L’article 3 tire les conséquences de cette reconnaissance de la médiation sociale sur la définition des missions des adultes‑relais prévues à l’article L. 5134‑100 du code du travail.

 

 


proposition de loi

Article 1er

Le livre IV du code de l’action sociale et des familles est complété par un titre VIII ainsi rédigé :

« TITRE VIII

« MEDIATEURS SOCIAUX

« CHAPITRE UNIQUE

« Art. L. 481-1. – La médiation sociale est un processus de création et de réparation du lien social, ainsi que de règlement des situations conflictuelles de la vie quotidienne.

« Elle participe à la régulation des tensions et à la prévention des comportements incivils, notamment dans les espaces publics ou collectifs.

« Elle vise à améliorer une relation, à prévenir ou régler un conflit qui oppose des personnes physiques entre elles, ou avec des personnes morales, publiques ou privées, grâce à l’intervention d’un tiers impartial et indépendant. Elle facilite la mise en relation entre les personnes et leurs interlocuteurs nécessaires à la résolution des différends.

« Elle crée les conditions favorables à l’autonomie, la responsabilité et la participation des parties prenantes.

« Elle contribue à l’égalité réelle en facilitant l’accès aux droits et aux services publics.

« Elle agit localement et mobilise les acteurs de proximité.

« Art. L. 481-2. – Le processus de médiation sociale garantit le libre consentement des parties prenantes, la confidentialité des échanges entre celles-ci, la protection des personnes et le respect de leurs droits fondamentaux.
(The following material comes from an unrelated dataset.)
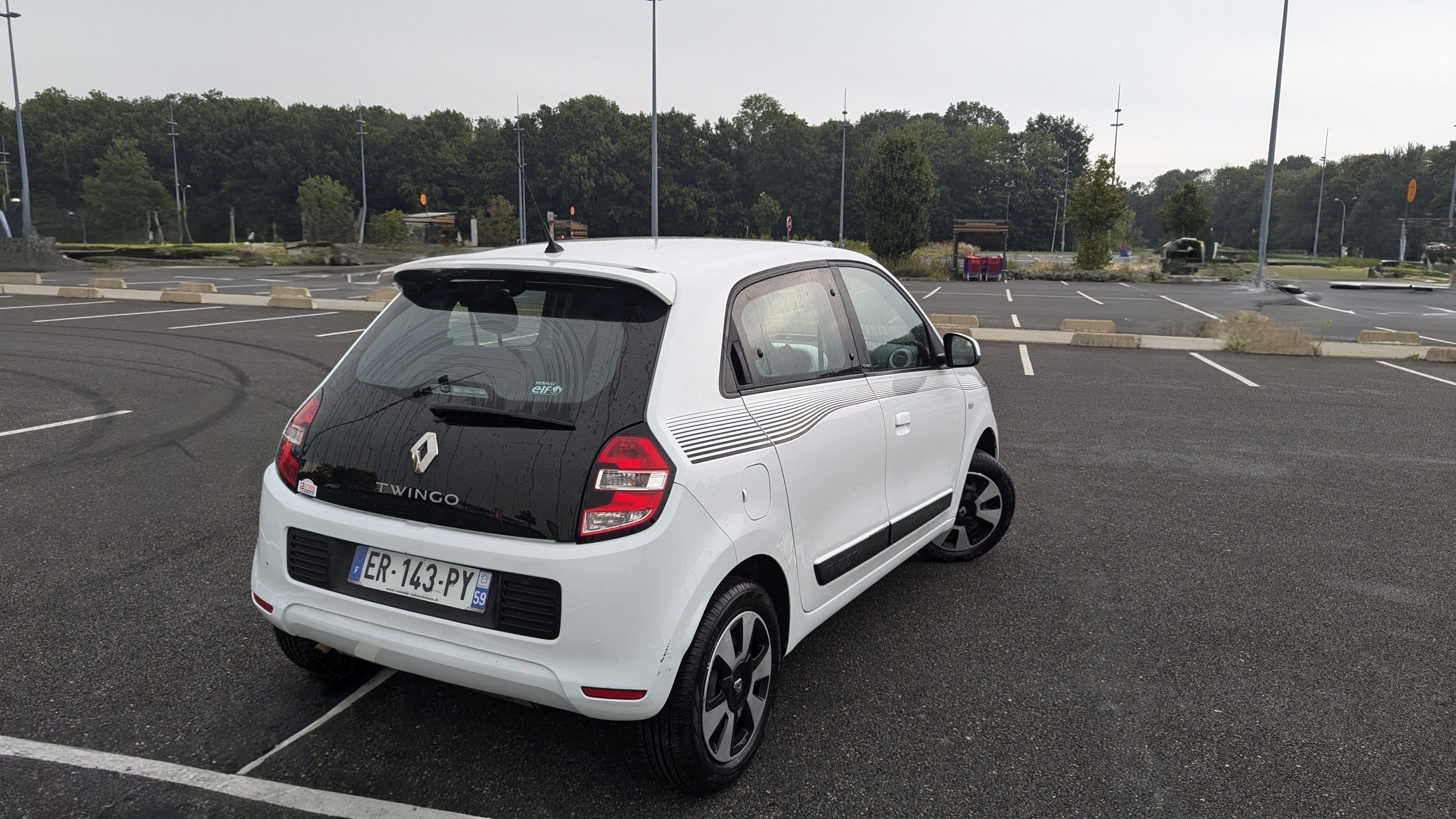 Renault Twingo III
« Art. L. 481-3. – La médiation sociale peut être mise en place à l’initiative de l’État, des collectivités territoriales et leurs groupements ou de toute personne morale, publique ou privée.

« Des contrats pluriannuels de développement territorial de la médiation sociale peuvent être signés pour coordonner les initiatives prises par les parties mentionnées au précédent alinéa.
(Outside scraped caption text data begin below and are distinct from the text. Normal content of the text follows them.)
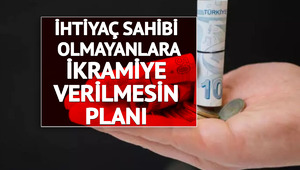 Emekli ikramiyelerinde tabana kuvvet! Musluklar kısılıyor mu? Bayramda zam beklerken hi&ccedil;lik de gelebilir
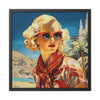 Vacance Glamour - Poster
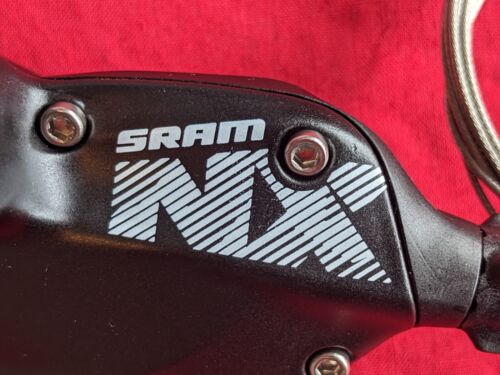 SRAM Eagle NX 12 Speed Right Hand Rear Gear Shifter E-MTB NEW - Picture 7 of 9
« Ils visent une couverture pertinente par la médiation sociale du territoire défini par ces parties au regard des besoins identifiés, notamment dans les quartiers prioritaires de la politique de la ville définis à l’article 5 de la loi n°2014-173 du 21 février 2014 de programmation pour la ville et la cohésion urbaine.
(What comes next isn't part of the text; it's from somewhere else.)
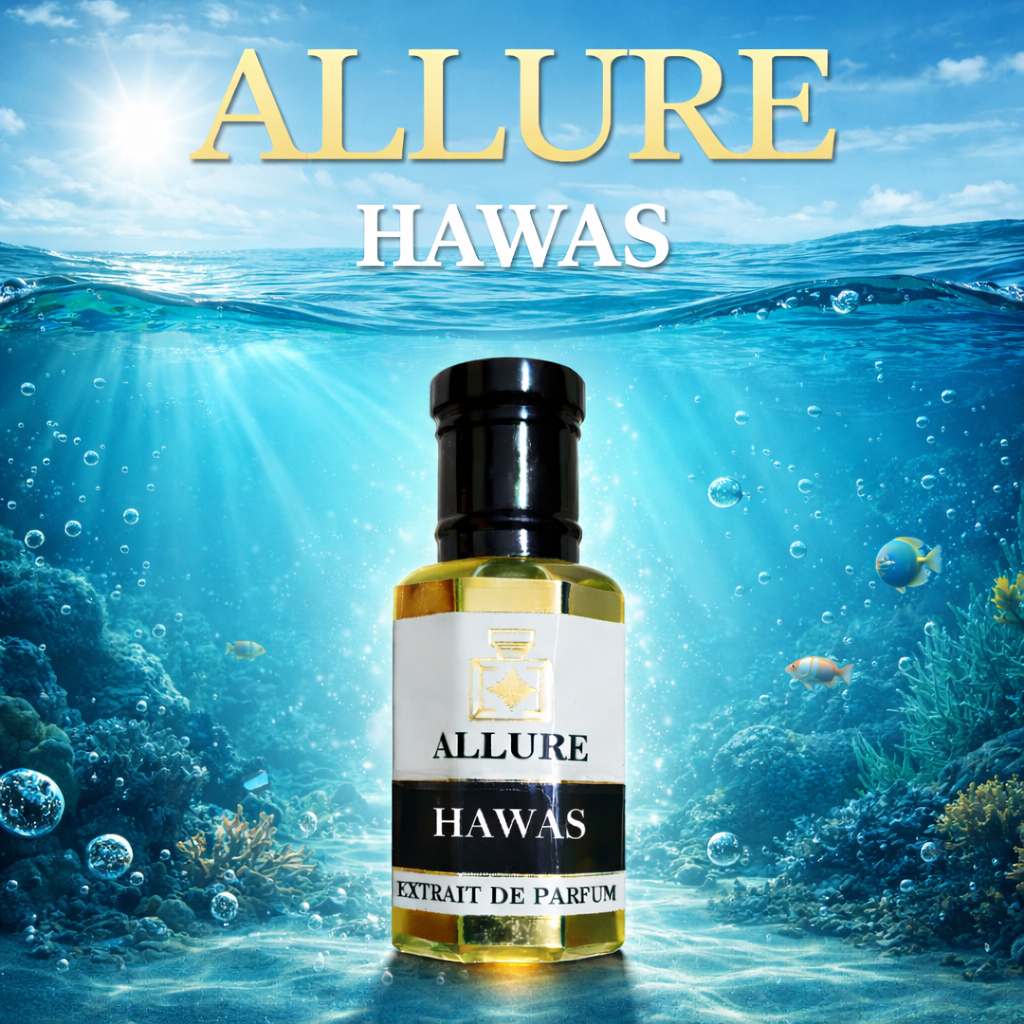 Hawas Premium Attar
« Ces contrats précisent le cadre de la gouvernance et du pilotage du développement territorial de la médiation sociale, ainsi que les contributions financières respectives des signataires.

« Art. L. 481-4. – Des référentiels de compétences, de formation et de bonnes pratiques définissent et encadrent les modalités d’intervention des personnes morales qui exercent des activités de médiation sociale. Ces référentiels s’articulent avec ceux du travail social.

« Art. L. 481-5. – Les modalités d’application du présent chapitre sont déterminées par décret. »

Article 2

L’article L.121-2 du code de l’action sociale et des familles est ainsi modifié :

a) À la fin du 4°, le signe « . » est remplacé par le signe « ; » ;

b) Après le 4°, il est inséré un 5° ainsi rédigé :

« 5° Actions de médiation sociale définies au titre VIII du présent code. ».

Article 3

Le premier alinéa de l’article L. 5134-100 du code du travail est ainsi modifié :

1° À la fin, les mots : « d'améliorer, dans les quartiers prioritaires de la politique de la ville et les autres territoires prioritaires des contrats de ville, les relations entre les habitants de ces quartiers et les services publics, ainsi que les rapports sociaux dans les espaces publics ou collectifs » sont remplacés par les mots : « l’exercice de la médiation sociale définie au titre VIII du code de l’action sociale et des familles » ;

2° À la fin, est ajoutée une phrase ainsi rédigée : « Les adultes-relais exercent cette activité dans les quartiers prioritaires de la politique de la ville. »

Article 4

I. – La charge pour les collectivités territoriales est compensée à due concurrence par la majoration de la dotation globale de fonctionnement et, corrélativement pour l’État, par la création d’une taxe additionnelle à l’accise sur les tabacs prévue au chapitre IV du titre Ier du livre III du code des impositions sur les biens et services.

II. – La charge pour l’État est compensée à due concurrence par la création d’une taxe additionnelle à l’accise sur les tabacs prévue au chapitre IV du titre Ier du livre III du code des impositions sur les biens et services.